◆ Exercise
With the pictures left out, reproduce exactly the lines running from the line with "Hannoveriano Semental Potro" to the last line of the material below.
*** Begin section ***
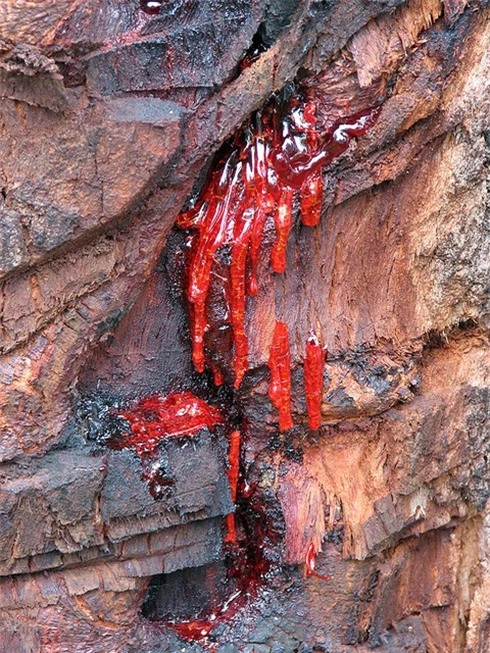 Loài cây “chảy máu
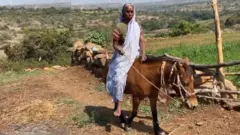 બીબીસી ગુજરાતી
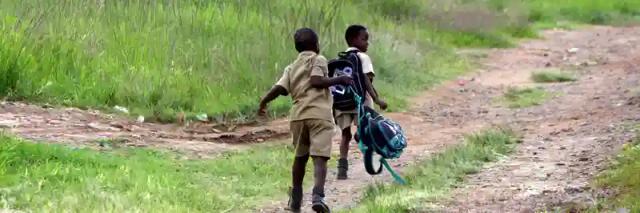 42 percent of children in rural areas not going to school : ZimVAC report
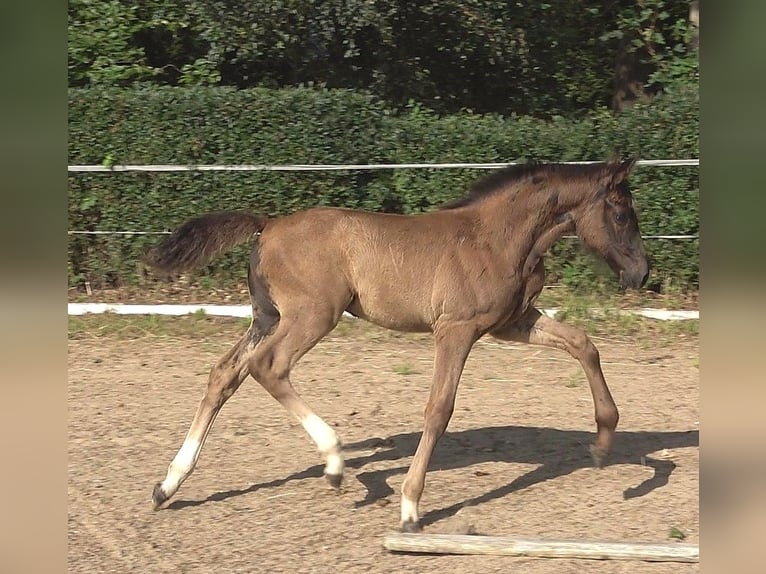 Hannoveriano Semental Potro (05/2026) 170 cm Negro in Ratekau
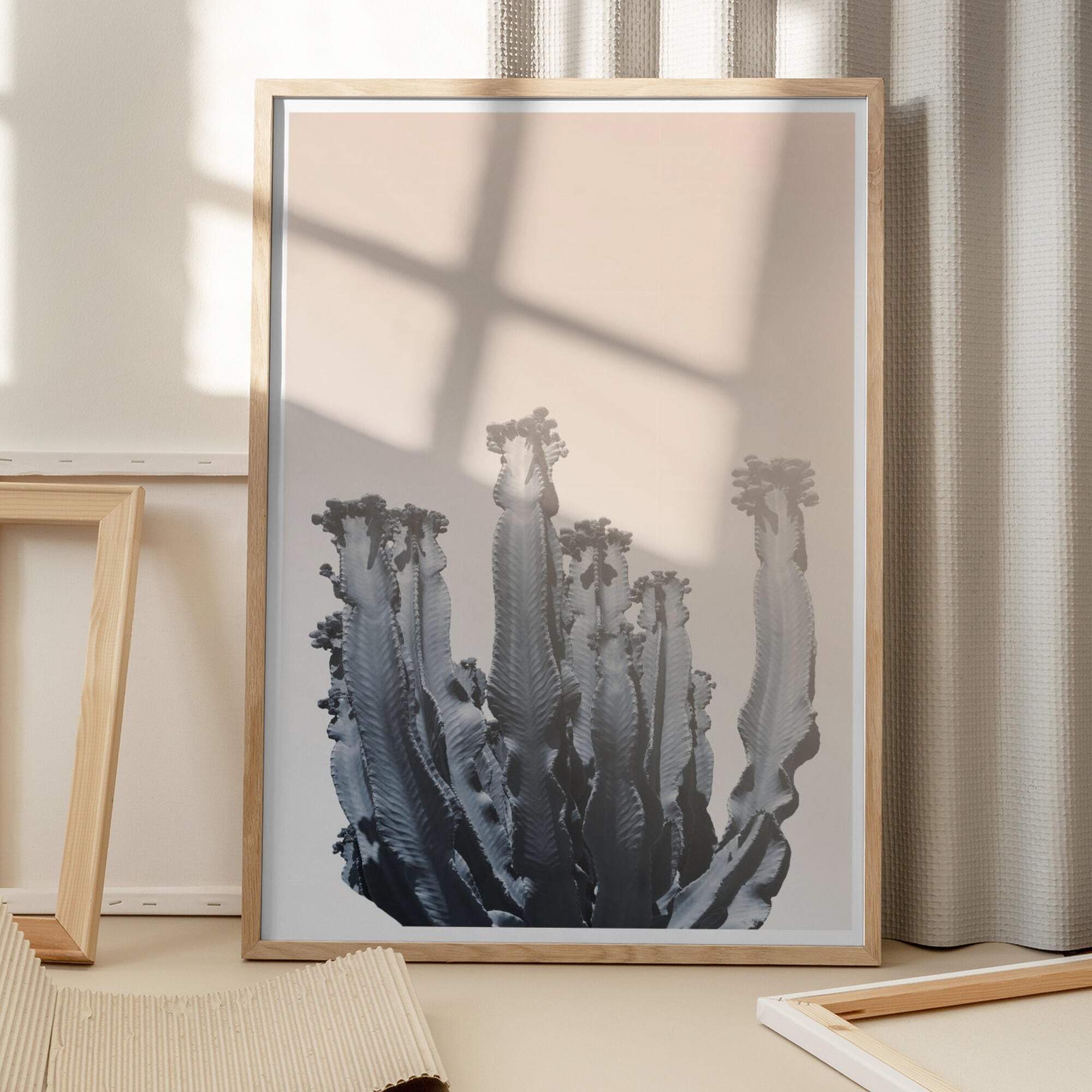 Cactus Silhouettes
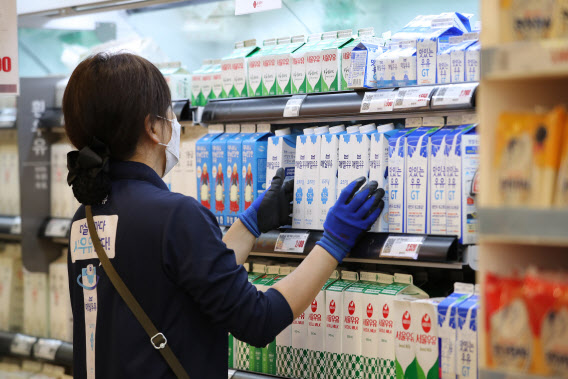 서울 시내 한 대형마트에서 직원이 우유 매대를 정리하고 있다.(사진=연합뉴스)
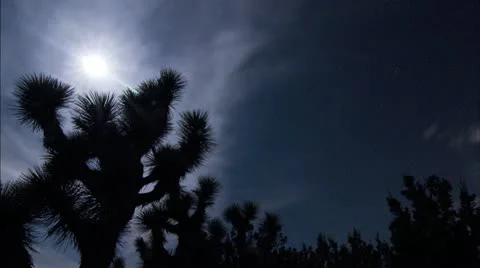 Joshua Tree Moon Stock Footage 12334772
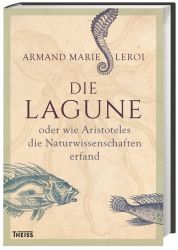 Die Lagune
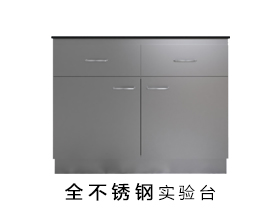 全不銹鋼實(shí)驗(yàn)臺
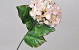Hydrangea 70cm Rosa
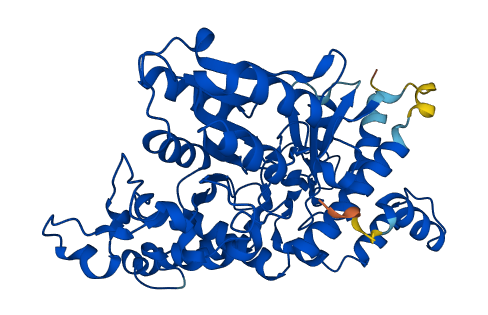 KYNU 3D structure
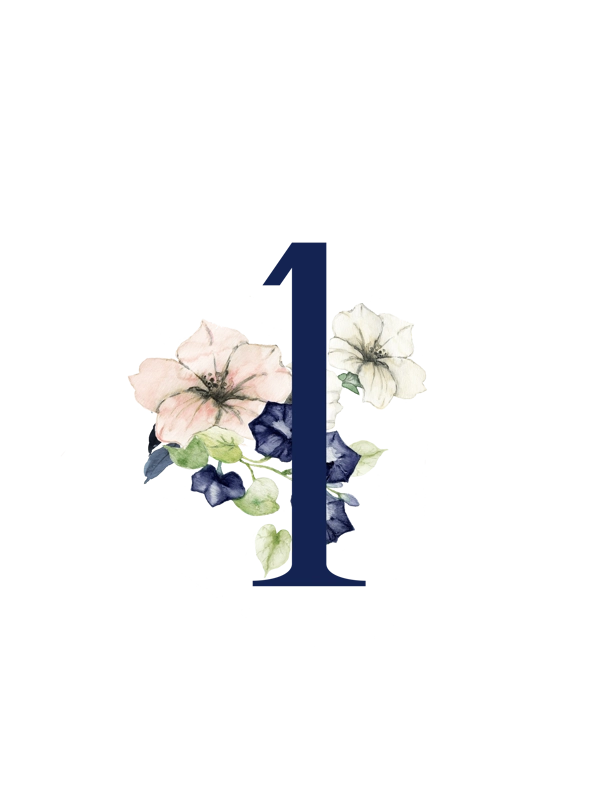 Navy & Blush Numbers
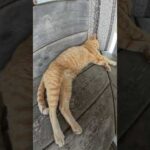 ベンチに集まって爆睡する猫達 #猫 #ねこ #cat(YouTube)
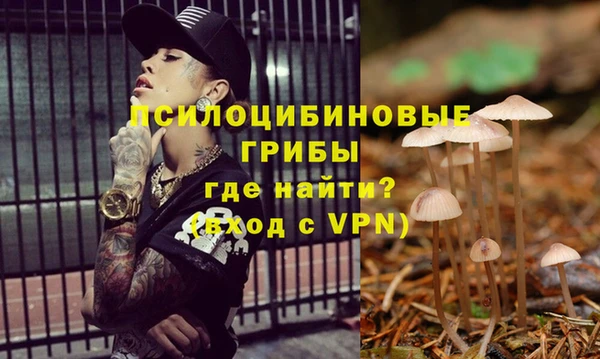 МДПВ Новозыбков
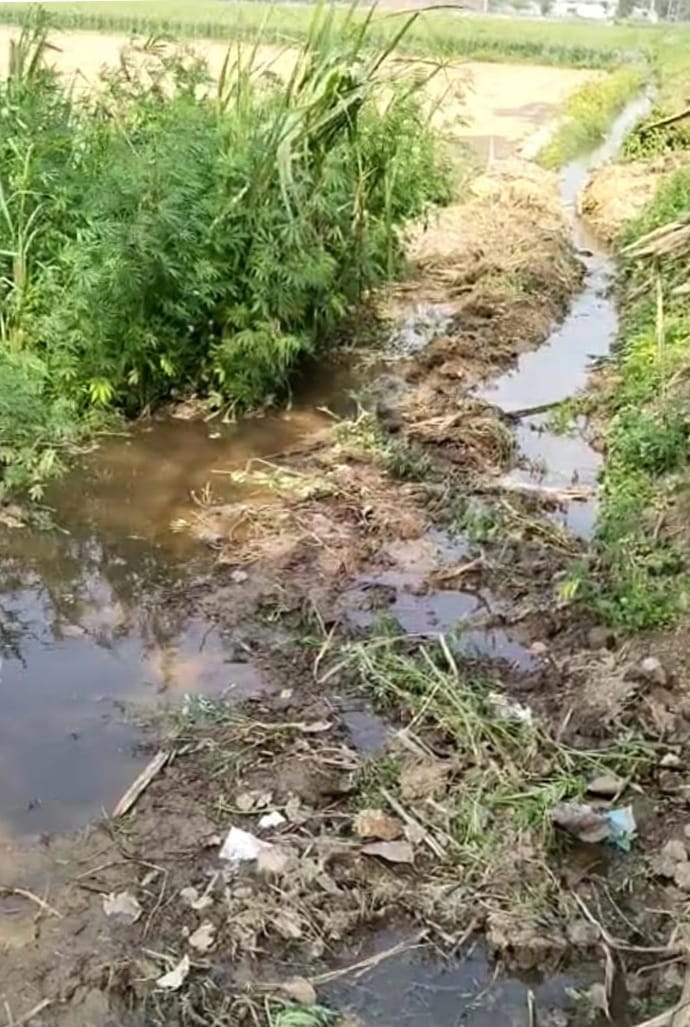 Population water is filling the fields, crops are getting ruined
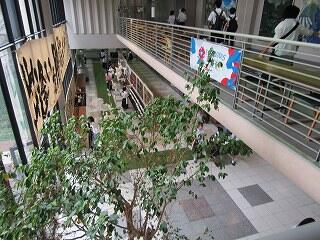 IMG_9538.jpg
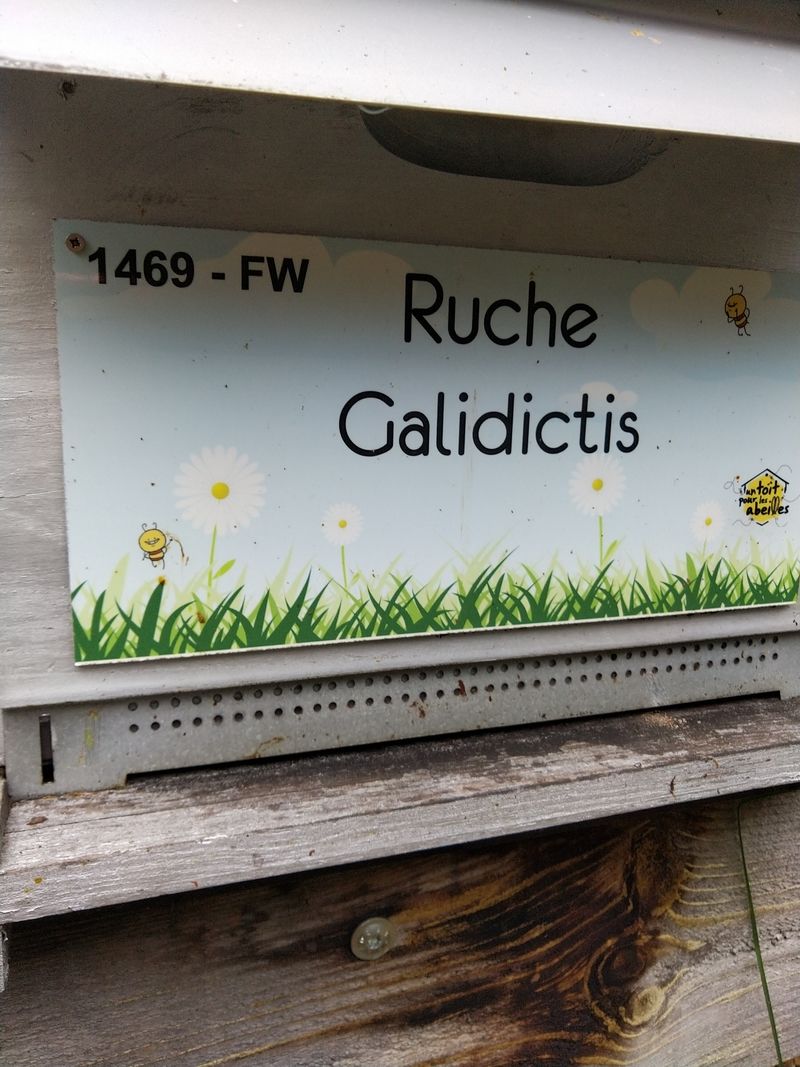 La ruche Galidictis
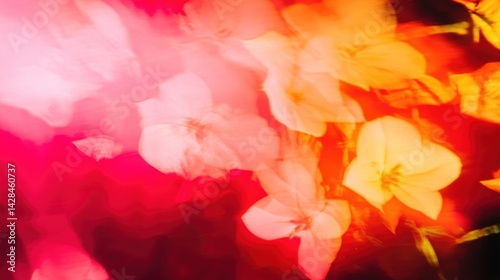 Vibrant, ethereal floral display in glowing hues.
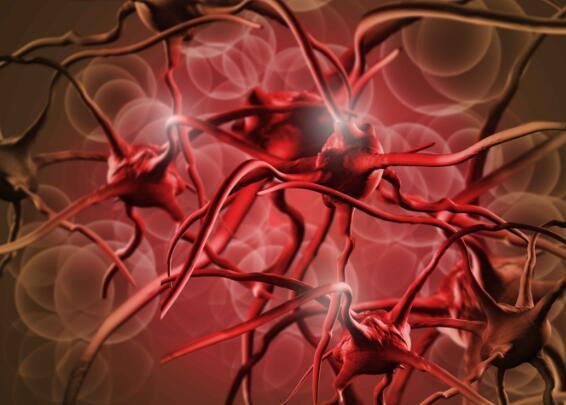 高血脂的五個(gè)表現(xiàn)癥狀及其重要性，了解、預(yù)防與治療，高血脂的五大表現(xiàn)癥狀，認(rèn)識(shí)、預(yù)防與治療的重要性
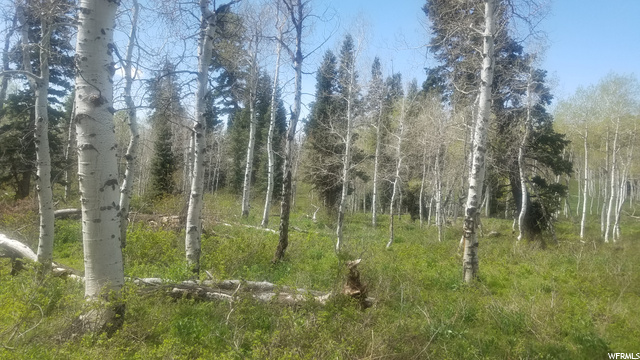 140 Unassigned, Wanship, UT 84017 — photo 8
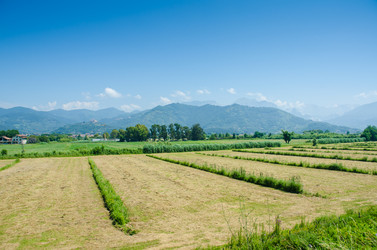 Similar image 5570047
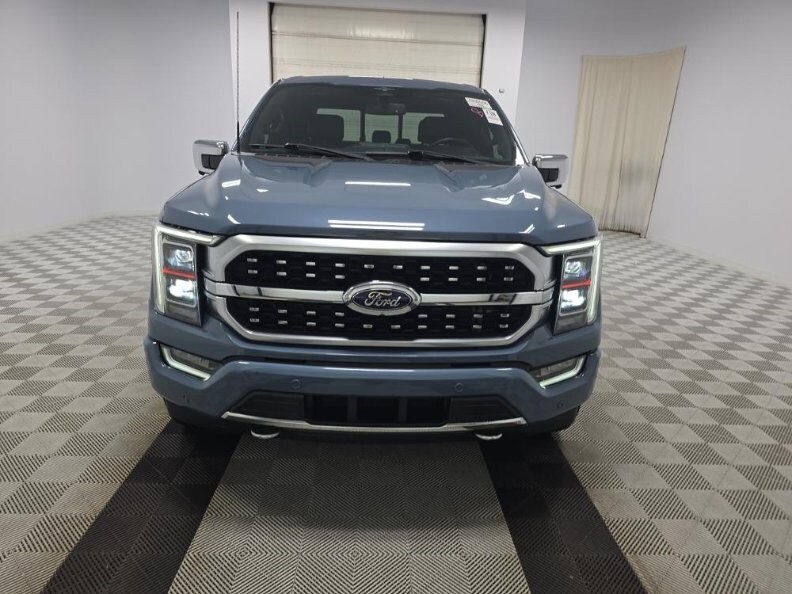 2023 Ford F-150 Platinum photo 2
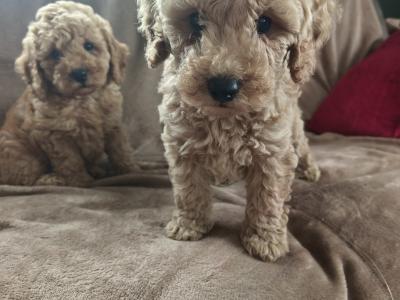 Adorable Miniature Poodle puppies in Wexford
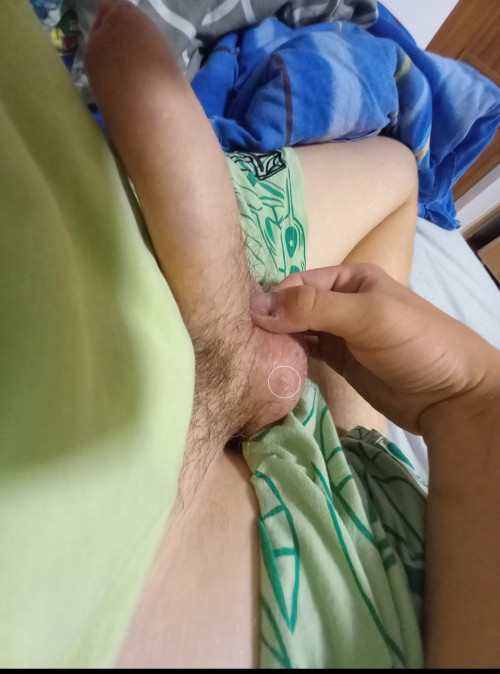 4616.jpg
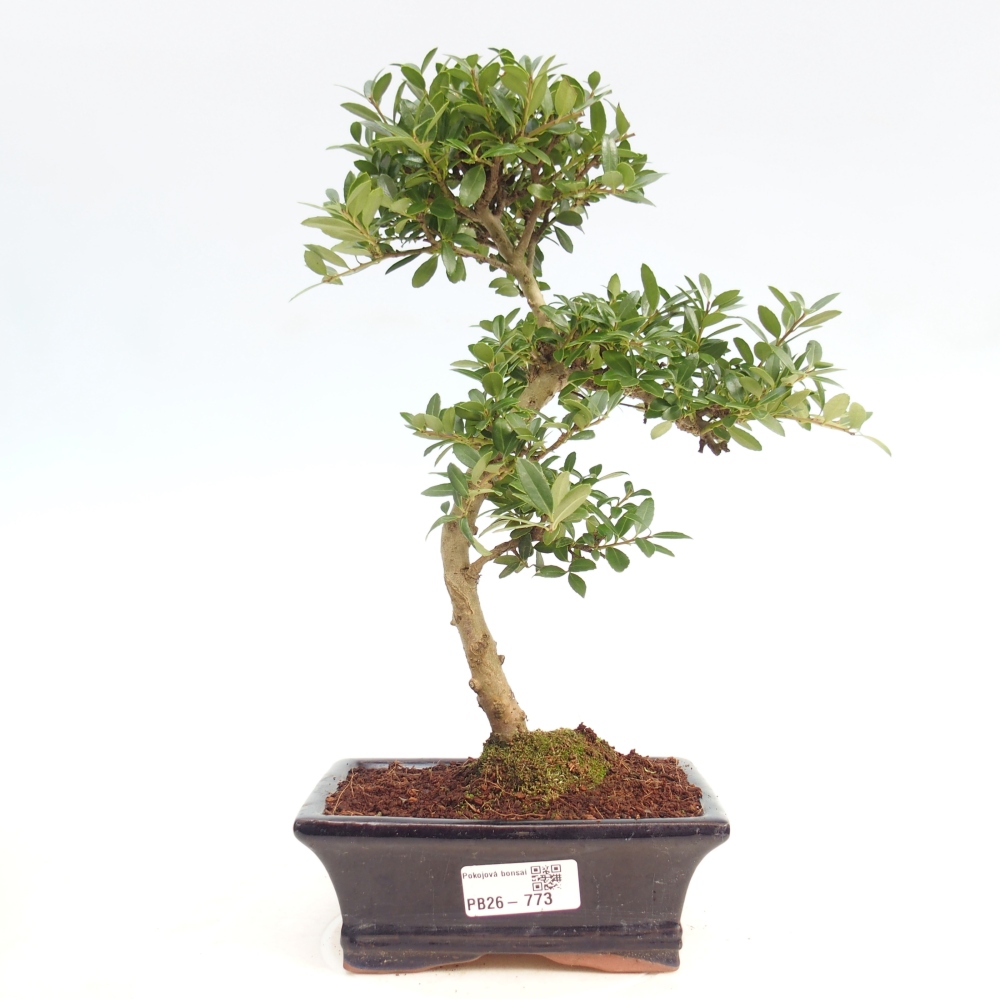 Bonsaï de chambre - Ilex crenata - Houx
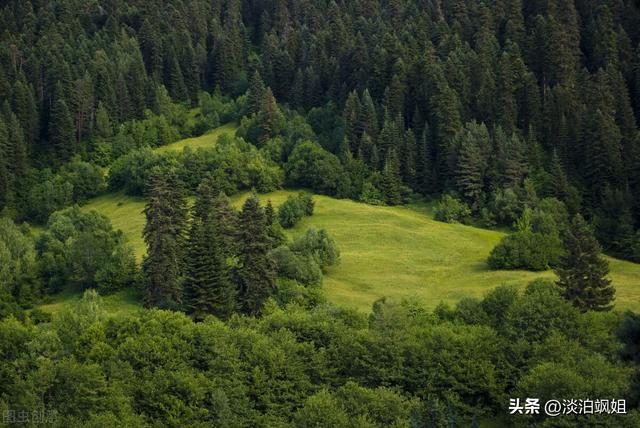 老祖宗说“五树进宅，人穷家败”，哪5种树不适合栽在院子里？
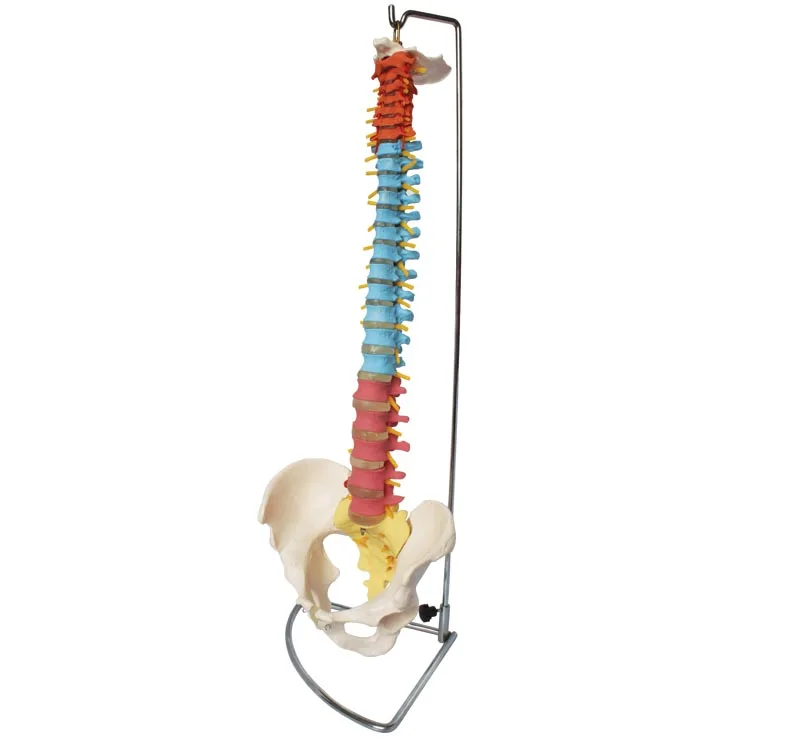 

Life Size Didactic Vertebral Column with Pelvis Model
*** End section ***
◆ Solution below
 Hannoveriano Semental Potro (05/2026) 170 cm Negro in Ratekau
 Cactus Silhouettes
 서울 시내 한 대형마트에서 직원이 우유 매대를 정리하고 있다.(사진=연합뉴스)
 Joshua Tree Moon Stock Footage 12334772
 Die Lagune
 全不銹鋼實(shí)驗(yàn)臺
Hydrangea 70cm Rosa
 KYNU 3D structure
 Navy & Blush Numbers
 ベンチに集まって爆睡する猫達 #猫 #ねこ #cat(YouTube)
 МДПВ Новозыбков
 Population water is filling the fields, crops are getting ruined
 IMG_9538.jpg
 La ruche Galidictis
 Vibrant, ethereal floral display in glowing hues.
 高血脂的五個(gè)表現(xiàn)癥狀及其重要性，了解、預(yù)防與治療，高血脂的五大表現(xiàn)癥狀，認(rèn)識(shí)、預(yù)防與治療的重要性
 140 Unassigned, Wanship, UT 84017 — photo 8
 Similar image 5570047
 2023 Ford F-150 Platinum photo 2
 Adorable Miniature Poodle puppies in Wexford
 4616.jpg
 Bonsaï de chambre - Ilex crenata - Houx
 老祖宗说“五树进宅，人穷家败”，哪5种树不适合栽在院子里？

Life Size Didactic Vertebral Column with Pelvis Model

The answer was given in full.